Zenkoku Jiren was a federation of labour unions that was formed in May 1926. In full, it was named Zenkoku Rōdō Kumiai Jiyū Rengōkai ('All-Japan Libertarian Federation of Labour Unions'), and it started off with as many as 8,372 members. The anarcho-syndicalist Ishikawa Sanshirō helped to found it and at its founding it strongly drew from syndicalist ideology, particularly mirroring the French CGT union. Its commitment to 'libertarian federation', which allowed autonomy for member unions to pursue their own disputes freely, was appealing to potential members. This meant that Zenkoku Jiren grew rapidly after its founding, and its members were heavily involved in industrial disputes.

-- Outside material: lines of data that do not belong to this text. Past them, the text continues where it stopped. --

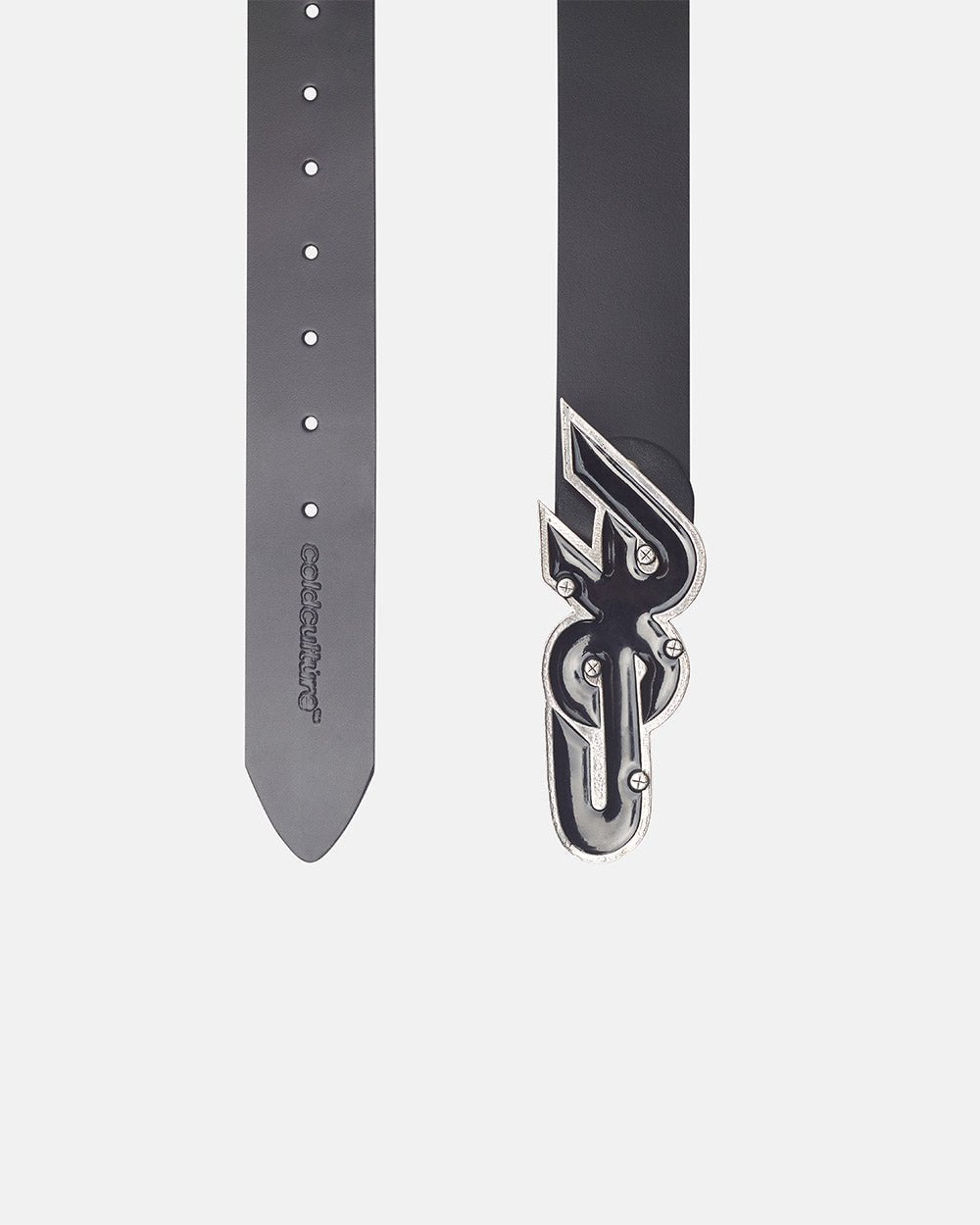 DIY BELT LEATHER BLACK - black leather belt, detail close-up - Cold Culture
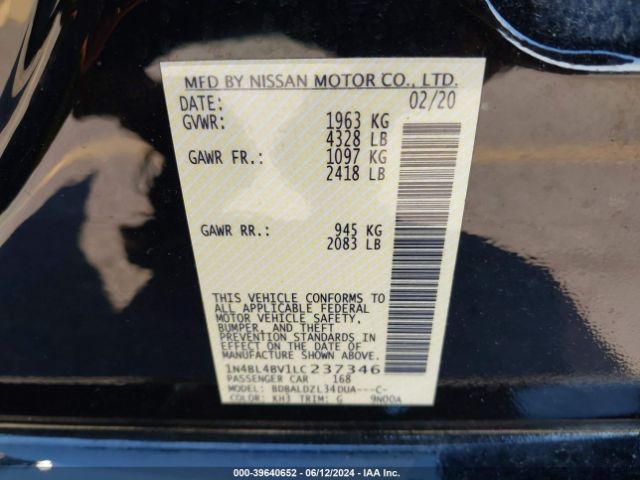 Photo 8 VIN: 1N4BL4BV1LC237346 - NISSAN ALTIMA 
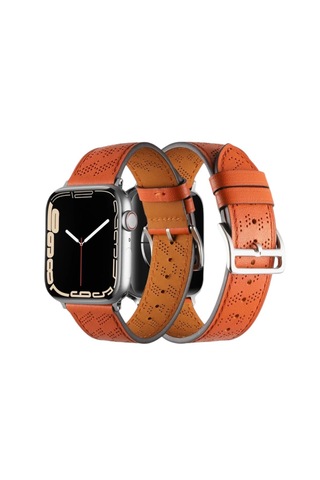 Apple Uyumlu Watch Kahve Deri Saat Kordonu 42-44-45mm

The media organ of this organisation was Jiyū Rengō, which was published from June 1926.

Kokuren and Zenkoku Jiren often collaborated in activism, such as a joint campaign against the execution of Sacco and Vanzetti, two Italian anarchists in the United States. Nevertheless, the two differed, with Kokuren being more theoretical in nature and thus more unwilling to compromise. This theoretical nature was emphasised by Hatta Shūzō's influence in the organisation. Hatta published a serialised article in Kokushoku Seinen called 'An Investigation into Syndicalism' in late 1927, which harshly attacked anarcho-syndicalism, and Kokuren quickly became a stronghold of pure anarchism.

=== Division and wartime suppression ===
The tension between the anarcho-syndicalist faction and the pure anarchist faction grew from 1927 onwards. When Zenkoku Jiren mistakenly sent delegates to a conference organised by the Bolshevik Profintern in 1927, Kokuren was highly sceptical of their actions and openly decried 'opportunist' elements within their counterpart. The two sides entrenched, as in June 1927 syndicalists within Kokuren began to publish a newspaper of their own in response to increasing attacks by the pure anarchist majority. A booklet by Iwasa Sakutarō called 'Anarchists Answer Like This', published in July 1927, further provoked the split by criticising anarcho-syndicalist theory such as the idea of class struggle.

In March 1928, Zenkoku Jirens second national conference took place. The tension between the two factions only grew, despite a call for unity in a January 1928 letter by Augustin Souchy, a secretary of the anarchist International Workers' Association. In response to the furious tone of the debate, and jeering by Kokuren members at the conference, the anarcho-syndicalists opted to secede from Zenkoku Jiren and walked out. Over the next several years, all the anarchist groups took part in a process which involved the separation of the pure- and anarcho-syndicalist factions.

Zenkoku Jiren, now dominated by pure anarchists who rejected syndicalist tactics, believed that unions were not inherently revolutionary. As a result, when they were involved in labour disputes, the organisation directed attention away from the immediate circumstances and towards their long-term goal of an anarchist revolution. Kokuren, on the other hand, engaged in reckless and violent activities to bring this revolution about, leading to a collapse in membership. Every issue of Kokushoku Seinen had been prohibited from sale, and this radicalisation only contributed to its reduction from a nationwide federation to a small group of radicals. The group finally disappeared in 1931.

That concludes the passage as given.